It’s worth delving a bit deeper into why we ought to trust the scientific inductive process, even when it relies on limited samples that don’t offer absolute “proof.” To do this, let’s examine a widespread practice in psychological science: null-hypothesis significance testing.
To understand this concept, let’s begin with another research example. Imagine, for instance, a researcher is curious about the ways maturity affects academic performance. She might have a hypothesis that mature students are more likely to be responsible about studying and completing homework and, therefore, will do better in their courses. To test this hypothesis, the researcher needs a measure of maturity and a measure of course performance. She might calculate the correlation—or relationship—between student age (her measure of maturity) and points earned in a course (her measure of academic performance). Ultimately, the researcher is interested in the likelihood—or probability— that these two variables closely relate to one another. Null-hypothesis significance testing (NHST)assesses the probability that the collected data (the observations) would be the same if there were no relationship between the variables in the study. Using our example, the NHST would test the probability that the researcher would find a link between age and class performance if there were, in reality, no such link.

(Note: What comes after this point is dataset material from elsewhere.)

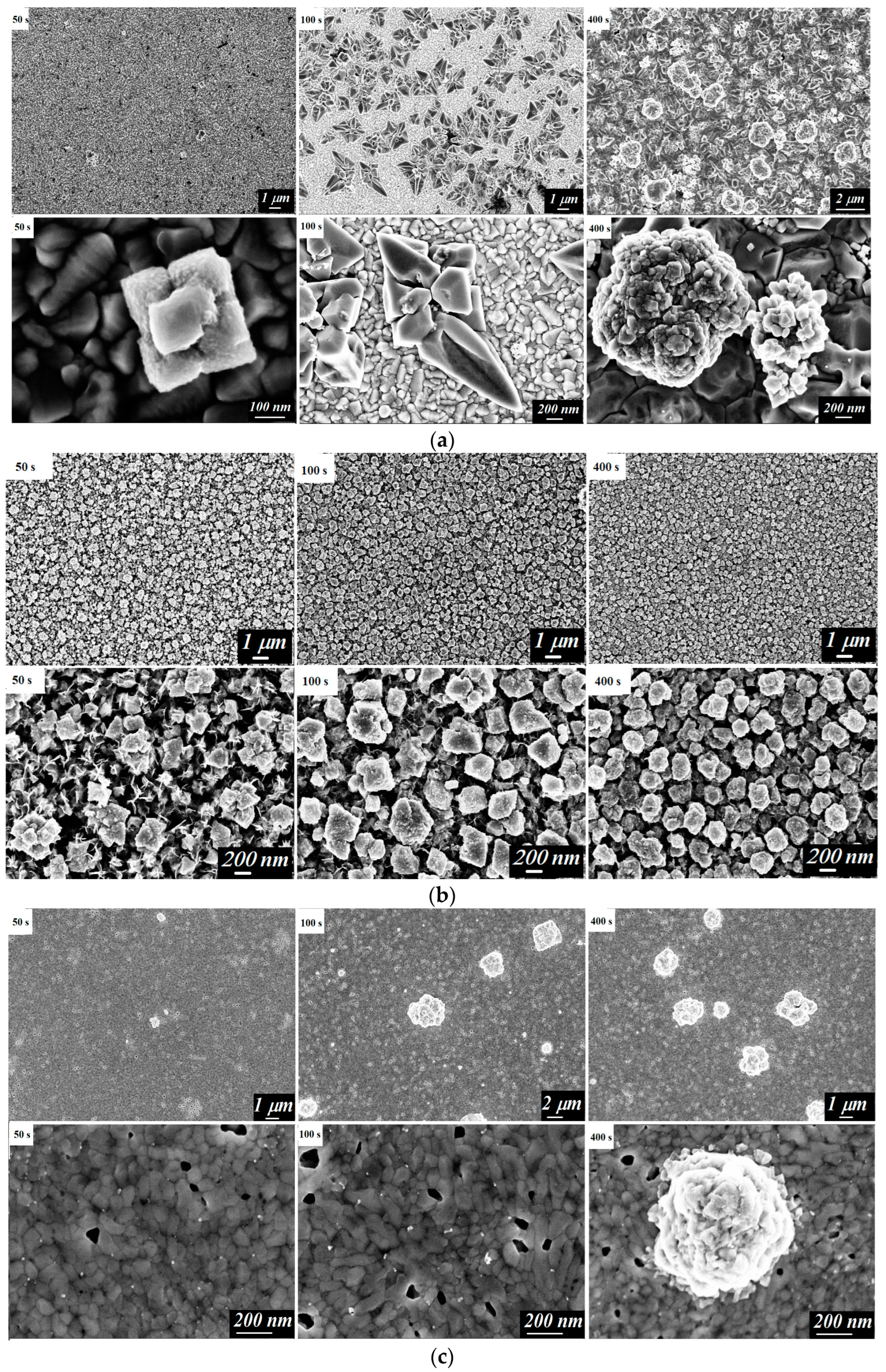 Coatings 14 00141 g002a Coatings 14 00141 g002a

Is there a relationship between student age and academic performance? How could we research this question? How confident can we be that our observations reflect reality? [Image: Jeremy Wilburn, https://goo.gl/i9MoJb, CC BY-NC-ND 2.0, https://goo.gl/SjTsDg]
Now, here’s where it gets a little complicated. NHST involves a null hypothesis, a statement that two variables are not related (in this case, that student maturity and academic performance are not related in any meaningful way). NHST also involves an alternative hypothesis, a statement that two variables are related (in this case, that student maturity and academic performance go together). To evaluate these two hypotheses, the researcher collects data. The researcher then compares what she expects to find (probability) with what she actually finds (the collected data) to determine whether she can falsify, or reject, the null hypothesis in favor of the alternative hypothesis.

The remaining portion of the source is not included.